The journalist Jaclyn Peiser reported in the New York Times in 2019 that about a third of the content published by Bloomberg News was produced using some form of automated technology. Bloomberg used a special system called Cyborg to help editors publish thousands of articles about earnings reports, Peiser wrote in an article titled “The Rise of the Robot Reporter”.

Technology is rapidly changing newsrooms. Are the academic departments in our Arab universities considering this in a manner that will create opportunities for graduates with the necessary capabilities to interact with these variables?

The same article noted that the Associated Press was also considered a leader in “robot reporting,” using artificial intelligence to increase its coverage of financial earnings reports from 300 articles every quarter to 3,700 articles. The Washington Post also has a robot reporter called Heliograf, which contributed to the newspaper’s coverage of the 2016 Summer Olympics in Brazil and the 2016 presidential elections in the United States.

Peiser’s article also reported that The Guardian’s Australia edition had published its first article with the help of a robot, an account of political donations to that country’s political parties, and that Forbes was testing a tool called Bertie “to provide reporters with rough drafts and story models”.

40,000 Articles in 5 Minutes

In Switzerland, Tamedia generated 40,000 localised news stories about a referendum’s results in less than five minutes using a text-automation tool called Tobi, the journalist Rebecca Heilwell wrote in a 2019 article titled “Rise of the Reporting Machines”. The robot used voting data and preconfigured templates created by Tamedia reporters to produce articles in German and French that were read by more than 100,000 people.

China’s Xinhua News Agency has also introduced a Media Brain platform  that integrates cloud computing, the Internet of Things, and artificial intelligence into news production, which it says has potential applications for editing, distribution, and analysis of feedback from the public.

Here we move to a non-conventional aspect of using artificial intelligence techniques to write opinion material, and not just to analyze big data or tell stock market forecasts or basketball games.

All of these developments are real challenges.
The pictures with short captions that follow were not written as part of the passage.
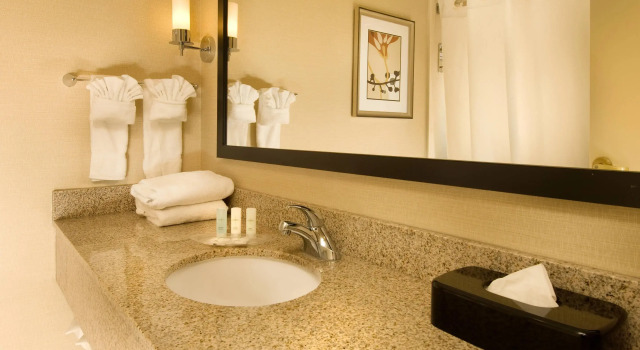 Двухместный люкс Business Comfort Suites Dulles Airport
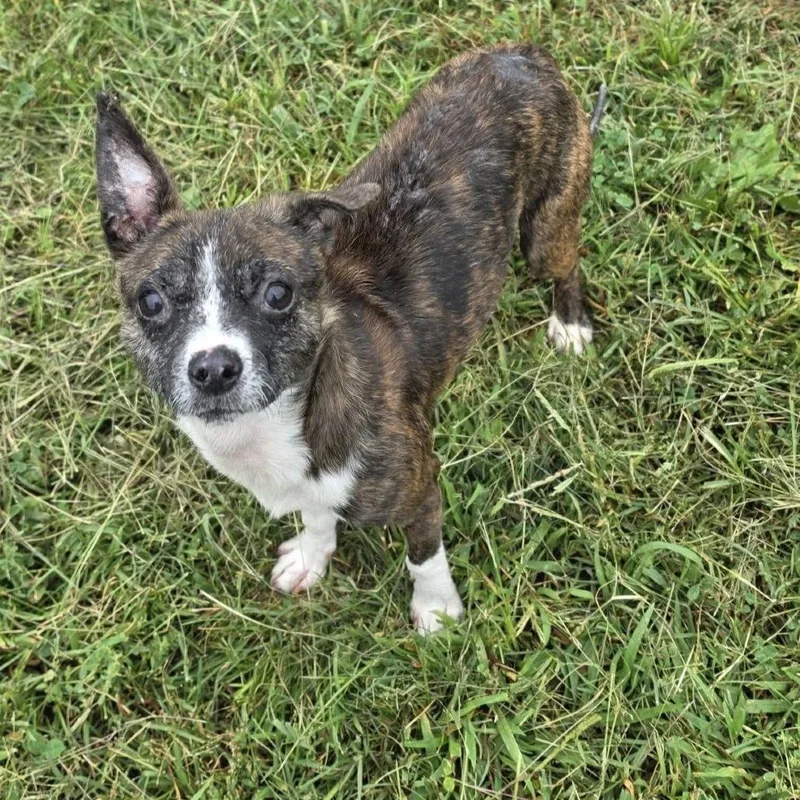 A senior small-sized male Chihuahua dog named Pistol Pete for adoption in Waynesboro, PA
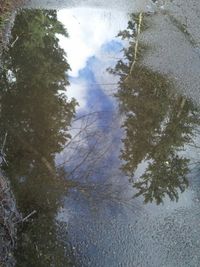 Reflection of trees in water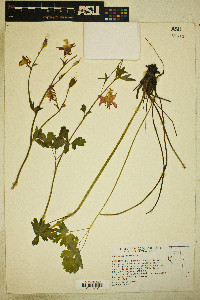 Aquilegia formosa image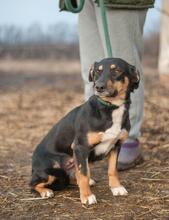 SUE, Hund, Mischlingshund in Ukraine - Bild 4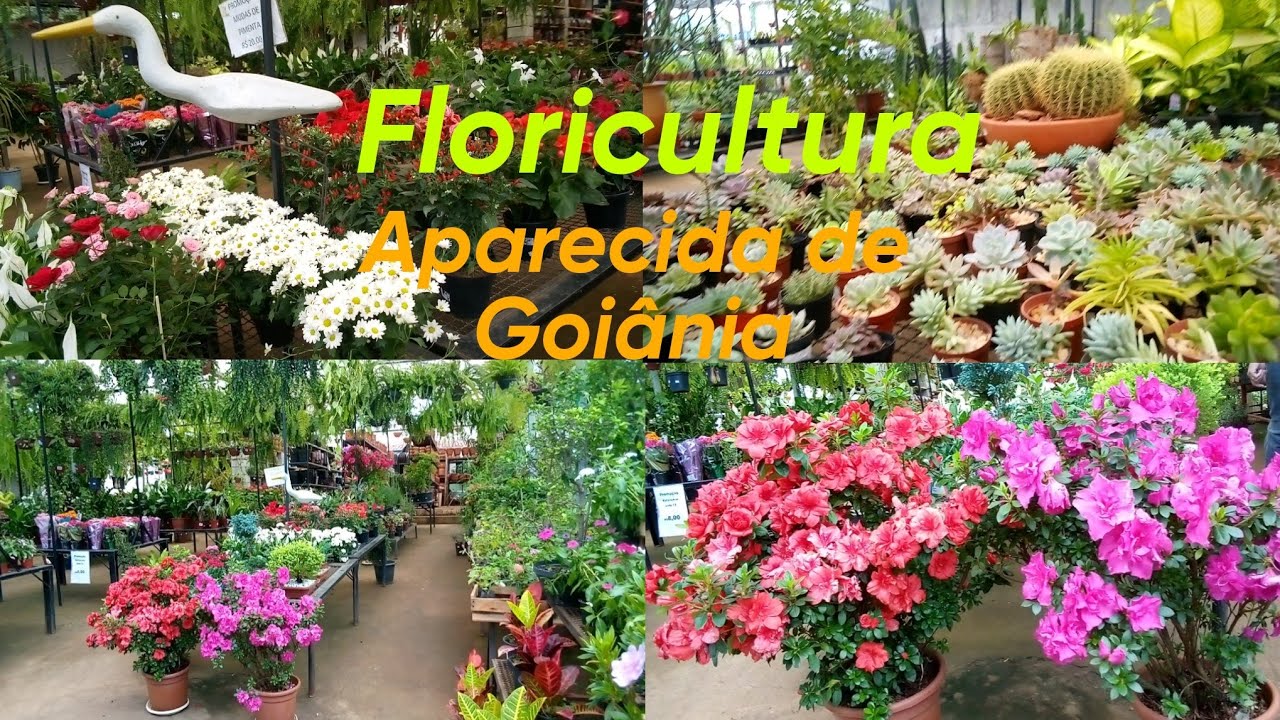Floricultura Garden em Aparecida de Goiânia-GO 2023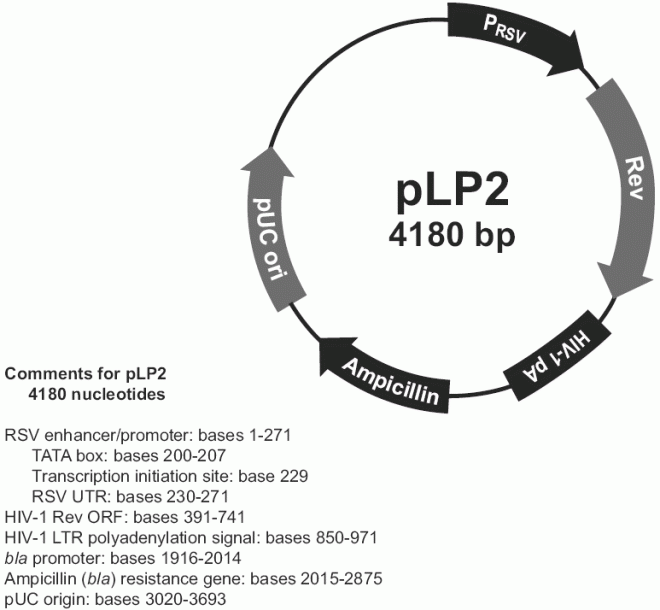 pLP2质粒图谱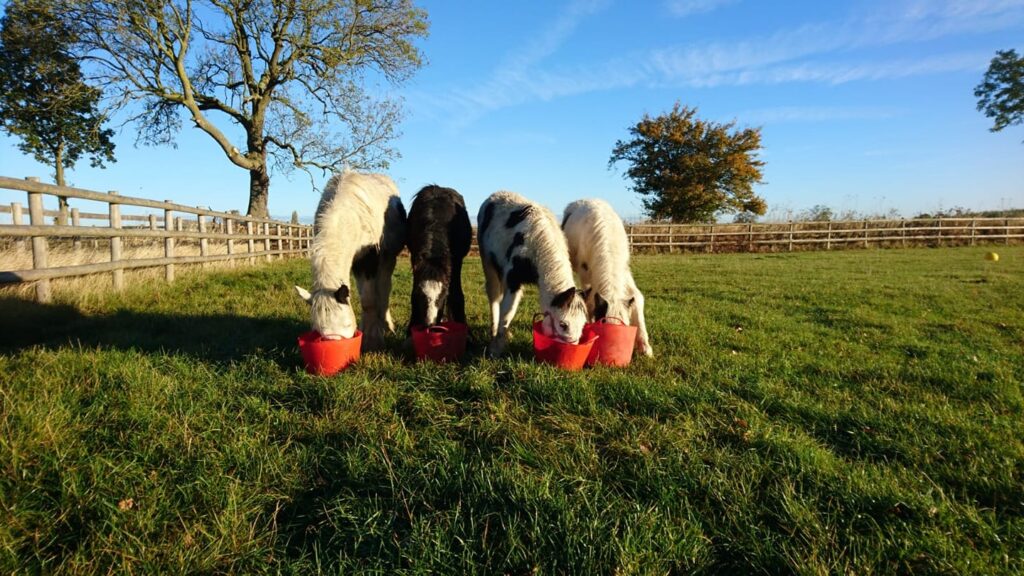 four young cobs stood in a field all eating out of red feed buckets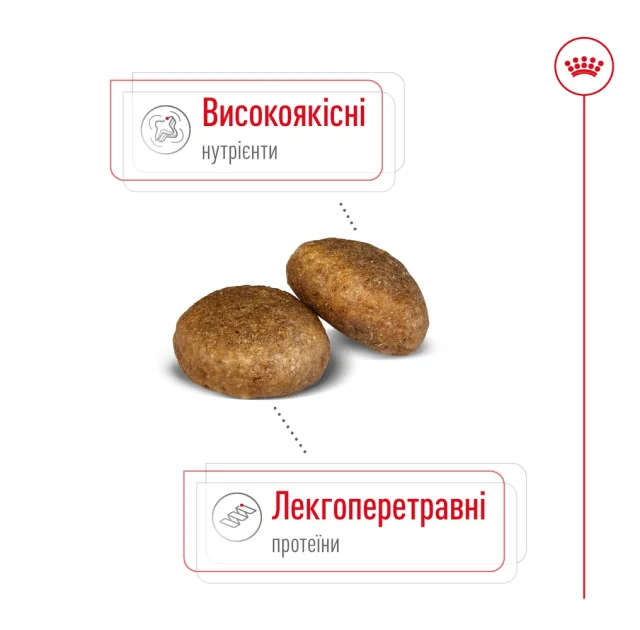 Сухой корм Royal Canin Maxi Adult для собак крупных пород, 15 кг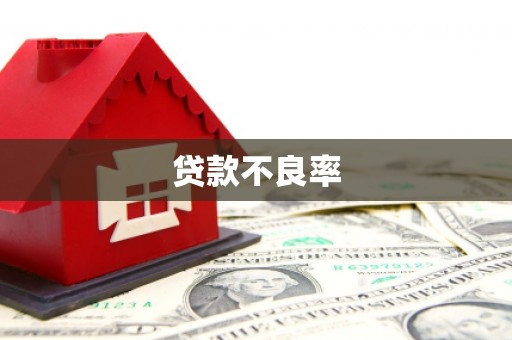 合川贷款不良率
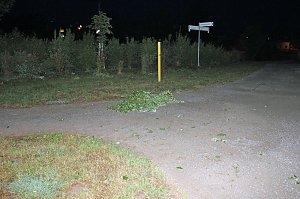 Schlosspark Sondershausen stellenweise regelrecht verw&uuml;stet. Stra&szlig;en wieder frei (Stand 23:40)...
Amy Webb, director of the Future Today Institute, has even spoken of an “existential threat” posed by artificial intelligence to the press and the future of journalism.” Are the academic departments in our Arab universities considering this in a manner that will create opportunities for graduates with the necessary capabilities to interact with these variables?

Changes in the Job Market

In order not to continue this narrative at length, the challenges are many, but I conclude with the challenge of job opportunities in the Arab media market. Adopting the concept of digital entrepreneurship is a necessary and important response to all the difficulties facing graduates from the departments of journalism and media, and changing the intellectual structure of graduates and their orientations towards the labor market is a very important matter from my point of view in 2023 and beyond.

Experience has shown us how young people in their twenties can change the entire media work environment. Mark Zuckerberg did not expect Facebook to become the tech giant it is now. None of the three youngsters (Chad Hurley, Steve Chen, and Jawed Karim) who met in San Francisco thought that the idea they came up with for sharing video clips online would turn into YouTube. Therefore, the interest in supporting innovative and pioneering thought within the minds of journalism and media students is a way to confront the challenge of competition in the labour market and the disappearance of employment opportunities.

Efforts are ongoing by academics, and discussions are taking place in various Arab associations and conferences, and the concern is one and shared among specialists. Thus, there are still opportunities to remind myself and my colleagues to reconsider and seize the issue. As they say, the path remains the same, but not everyone strides the same.

Ehab Hamdi is a journalist who holds a Ph.D. in mass communication and has taught at several universities in the Arab world.